Thursday, April 26, 2012

Johnson Module 4 Blog




What a discovery! Almost every important aspect of my life is connected and interconnected using technology and the Internet/World Wide Web!  I keep in touch with friends, family and acquaintances mainly via the online social network on Facebook.  I read and post on walls; I contribute to and read newsfeeds and discussions threads from the President and First Lady, to Walden University’s Facebook page, MSNBC’s page, and so forth.  Not only is social media a social interaction mechanism, but it is an educational environment as well. 

The way I learn has changed largely in part because my means of networking has changed.  The Internet has allowed me to connect with people I would not otherwise meet or interact so intimately with.  I can watch news interactively and engage in discussions and debates with others who comment on the same news or article I read or watched. 

These are all forms of learning, and being able to network with people from around the world using the latest technology makes it all possible at a heightened degree over how it was possible ten or twenty years ago. 

The digital tools that enhance my learning are applications I can download onto my smartphone and carry with me.  I can interact on many of the same websites I utilize for educational and social purposes on my computer from my smart phone.  If anyone emails me, sends me a chat message, or an inbox message on Facebook, I have apps on my phone that notify me and make those emails and messages instantly available to me. 
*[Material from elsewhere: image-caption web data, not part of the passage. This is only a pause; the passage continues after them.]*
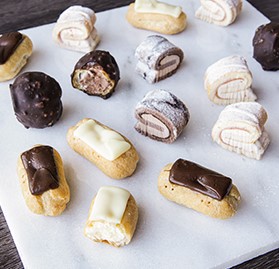 Mini Pastry Assortment: Eclairs, Hazelnut Cream Puffs, Cake Rolls 0.54 oz.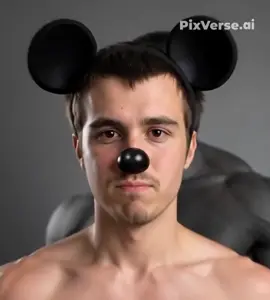 gigachad, mickey mouse, beard, black hair, buff, fight, front view, giggerbabble, hair, half body
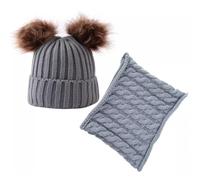 Berretto e scaldacollo per bambini CU-21534 - Grigio
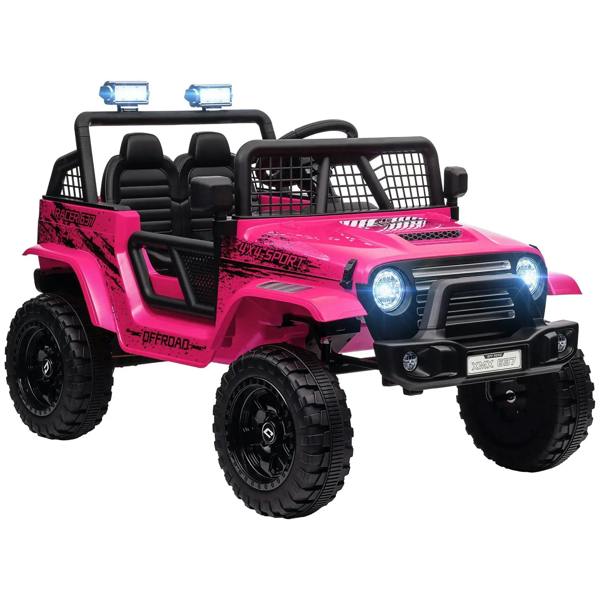 Pink kids electric ride-on truck with LED headlights, steering wheel, and four chunky tires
When I have questions there are numerous ways I can go about finding the answer using technology.  I constantly type questions in the search field of search engines like Google and even before I tap the enter key, a plethora of answers to my question begin to populate the field.  This has been my most common way of learning new knowledge.  If I hear of something, or see something I only partly understand if at all, I form it into a question and “ask Google.”  Online search engines allow me to research, compare and contrast a limitless knowledge base.  I can compare the opinions of others, and find solutions to almost any question or problem I may encounter.  I believe I know much more in this present age than I knew even ten years ago just because of the ever increasing knowledge base that is available to me via technology that I can access and use via the world wide web. 

Thursday, April 12, 2012

Johnson Module 3 Blog


Rheingold presented an effective case for the instinctive forming of groups to work together and solve problems from the beginning of history until now.  He suggested that if people had not worked together, for example, how would they have first been able to bring down a huge dinosaur, and distributed the meat so that it did not spoil?  In response to the prisoner game, Rheingold quoted Eleanor Ostrom as saying “People are only prisoners if they consider themselves to be.”  New forms of cooperation, Rheingold posits, have always helped create new forms of wealth.  These new forms of cooperation have been assisted by enabling technologies, which led to the development of eBay, Google, Wikipedia, and so forth.  According to Rheingold, Wikipedia was jointly developed by thousands of volunteers, and contains approximately 1.5 million articles in several hundred languages.   It is an invaluable tool to billions of people, and is only available because of the collaboration of those thousands of people who worked cooperatively to develop it.  Rheingold surmised that people work cooperatively because doing so is in their best interests.  I believe people do have a basic instinct to work cooperatively and that is because there has always been some form of benefit, or “wealth”, to those who do. 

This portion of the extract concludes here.